Austramp #1

Photo: C. Peterson

Caity Peterson
by Caity Peterson



Mungarie Station

Colin, I realized, would never be a good rancher. Granted, he had all the prerequisites: he was tall, wide-backed and crushingly strong. He had a predilection for machinery and the ability to make rusty relics puff along grudgingly with a bit of tinkering every morning. He had more land than I ever knew it was possible for one person to own (though in Australia this was rather par for the course). He was rarely seen without his hat, even though it had been rained on enough times to make the felt brim flop around his ears in a most unbecoming fashion. He could down a case of stubbies without blinking, his vast frame never seeming to feel the ill effects. He didn’t mind solitude, and often went several weeks on end without ever making an appearance in town. And he could tell a story with gusto, at his most expansive when he could have a set of strangers around the dinner table guffawing at a raunchy (or better yet, bloody) tale.

But in truth, he was a softie. He loved his animals too much. The ranchers I knew got along by treating their livestock with the respectful indifference that meant they took care of their beasts but were not opposed to making the necessary sacrifices, and sometimes painful decisions, that made the difference between a profitable operation and a money-sucking pit.
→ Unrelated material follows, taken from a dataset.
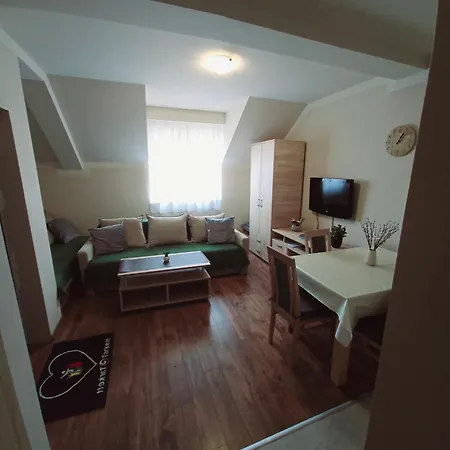 Marina B10 Apartment *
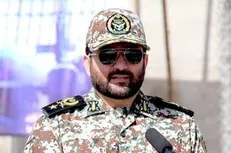ماجرای پهپاد صهیونیستی که توسط ایران شکار شد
Case in point: a routine day of separating out the young bulls to be tagged and dehorned. On any other establishment there would have been frightened lowing, shouting jackaroos, and the sting of the cattle prod, and the work would have been done in a tidy two hours. But Colin was not a proponent of such techniques; he preferred gentle persuasion, all carrot and no stick, and consequently the work got done in something more like a messy two days. One bull with a particularly bad attitude, dead set against the idea of entering the crush to be tagged, landed a stinging kick on Colin’s hip, just above his pearl-stocked pistol, as he leaned over the barricade to slap the hairy rump towards the gate. Any other cowboy would have roundly cursed the bad-tempered beast and given him a good, sound kick in the ribs. Colin grimaced, rubbed the spot, and said, “Gosh, they don’t normally get that high!”

Another similar episode with a reticent bovine caused Colin to finally lose his temper. He spit and cussed and kicked the dust with his boots and called the animal and its mother filthy, satisfying names – what I had been expecting him to do all along. But while his troops were reorganizing for another attempt, he furtively slipped his hand between the bars and gave the wide forehead a pat. “Rotten bugger,” he muttered with a twinkle in his eye.

In the end the stirks never got sold, Colin’s idea of tough love having made them too skinny for the satisfaction of the export authorities. He wanted his animals to learn to be strong, to be able to get along on their own like the bush cattle did. Thus, though their character was well accounted for, their scrawny flanks earned him no money. He kept the stirks, saved a few pennies on hay, and lost $5,000 dollars.

All in all, it was a damned good thing that Colin was not as averse to diversification as some of the other station owners. It was also lucky that he had a smart, enterprising wife who kept a lively campground business afloat at the homestead and held down a second job in Kalbarri, on top of making their home fit to live in and keeping their two children happy and healthy. It was Colin who dug the tourists out when their caravans became bogged in the sand. It was Colin who lent personality to the guided tours of the property. But it was Rebecca who made sure everyone paid up before heading out. Unlike Colin, she was not afraid to make sure she got what she earned, or to show somebody the door if they looked like too much trouble. Colin was the face, and Rebecca the backbone, of Mungarie Station.